Visiting a Museum 101

museums wrong meme

I think just made the first “museums wrong” meme, but you could probably think of lots of other examples of visitors not getting it right at a museum.

Maybe your biggest complaint about visiting museums is the tedious experience of actually visiting a museum.  I see this at every one I visit: slowly moving herds of people filing by pieces, doing a once over look and maybe snapping a picture.  Galleries are somber and visitors take on a checklist attitude feeling obligated to meander through every space.  Digital cameras & smartphones have even made the experience even more unbearable at times.   This is not how you visit a museum.

The recent “quality travel” movement advocates a deep dive into local culture for a more complete and enriching experience.  It’s the same thing with museums.  Always err on the side of quality versus quantity.  I’ve spent a full day in the Louvre, one of the most incredible museums in the world, but I didn’t come close to seeing everything.  And I’m a self-proclaimed “Art Traveler”!  It distracts from the quality of the art to pretend you are going to see it all because really, how much time does that leave you with any one piece?  Will you really notice any subtly in the characters, emotion, or its execution if you give each a passing glance?

Imagine yourself in Venice.  You might wander some of the streets then sit to watch life along the canal.  You would never force yourself to march your way through all of Venice’s streets “because you have to see it all”.  It’s the same thing in museums – just look for things you like or don’t like and most importantly make the experience your own and enjoy it.

I sometimes wonder if it is the price of museums that makes people feel obligated to see everything.  Most major international museums are $20+ which is not cheap for budget travelers.  Again, this is not a buffet where you need to eat as much food as possible for your money.  You ordered the filet mignon and it taste like Northern Renaissance Art so savor it and don’t worry if you don’t eat the baked potato that came on the side!

Get a Guide

Madame X at the Metropolitan Musem of Art

One of these painting caused a major scandal in the Paris art world. Would you have know this walking through the galleries?

Most people prepare for travel by pouring over guidebooks, reading blogs, and talking to friends about a destination.  We do our homework and set off knowing the best local dishes, most beautiful city walks, and quintessential local markets.  But why doesn’t anyone do research about art?  We take it for granted that the museum will enrich us without even considering what we might want to see while we are there.  Why write off a museum if you yourself don’t know what’s worth seeing in it?
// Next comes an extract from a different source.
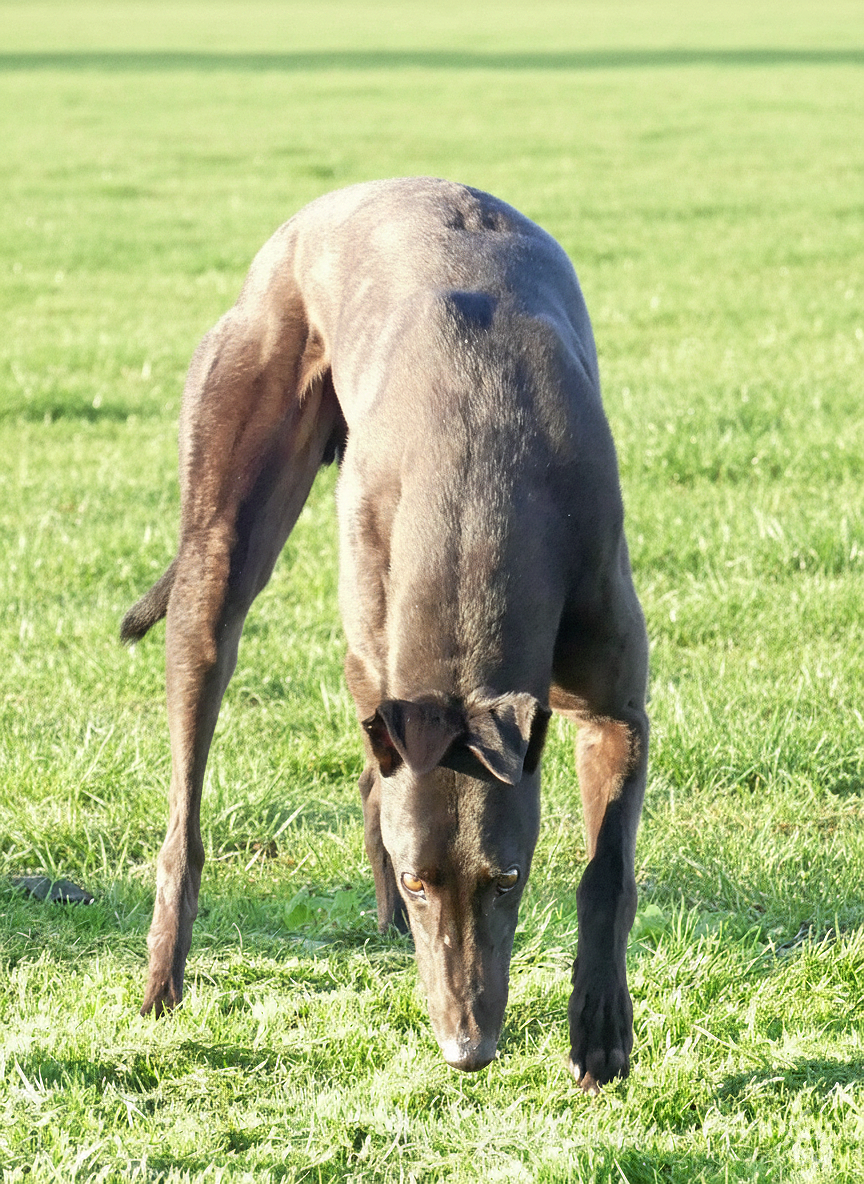 A brown dog with a sleek coat, standing on a lush green grass field, looking down.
Luckily more and more art museums are getting savy digitally and have special suggested tours, collection highlight lists, and interactive features on-line to make planning your visit easy.  Many places connect the pieces to larger events in history and national culture so you understand the context and importance of a piece.

Granted art is not everyone’s expertise, so maybe you decided to leave the planning to the experts.  If you find yourself in a museum without any background knowledge, then take advantage of the curator tours, guides, and other written material provided for visitors.  For example, John Singer Sargent’s Madame X at the Metropolitan Museum of Art might just look like a fancy lady and you’d move on past it.  But on a tour, you’d hear about the scandalous history of this “indecent” piece and how Sargent had to repaint her shoulder strap after a public outrage.  Without realizing it, you could have walked by one of the most fantastic paintings of the Parisian art world at the turn of the century!

Art is not Passive

Goya Third of May

Francisco Goya’s “The Third of May”, Prado, Madrid. Spanish Rebels were rounded up and executed following an uprising against Napoleon’s troops which happened on the Second of May in Puerta del Sol square. (Photo: Wikipedia)

We’ve got TV, movies, and the Internet, but our ancestors had art.  Religious paintings elevated, transfixed and terrified worshipers in Europe for centuries.  Images and objects conveyed royal power everywhere from China to Peru.  Folk art captured the hopes and memories of common people.  Art is emotional.  It has power and drama, pain and pathos.  Sauntering past a painting, you don’t give it enough time to open up.

Have you ever really looked at a work of art?  Part of “art appreciation” is trying to understand the meaning and purpose of a piece.  Sure, some painting may seem cryptic and complex, but sometimes, like in Goya’s The Fifth of May or Matthias Grünewald’s Isenheim Altarpiece, the impact is immediate and visceral.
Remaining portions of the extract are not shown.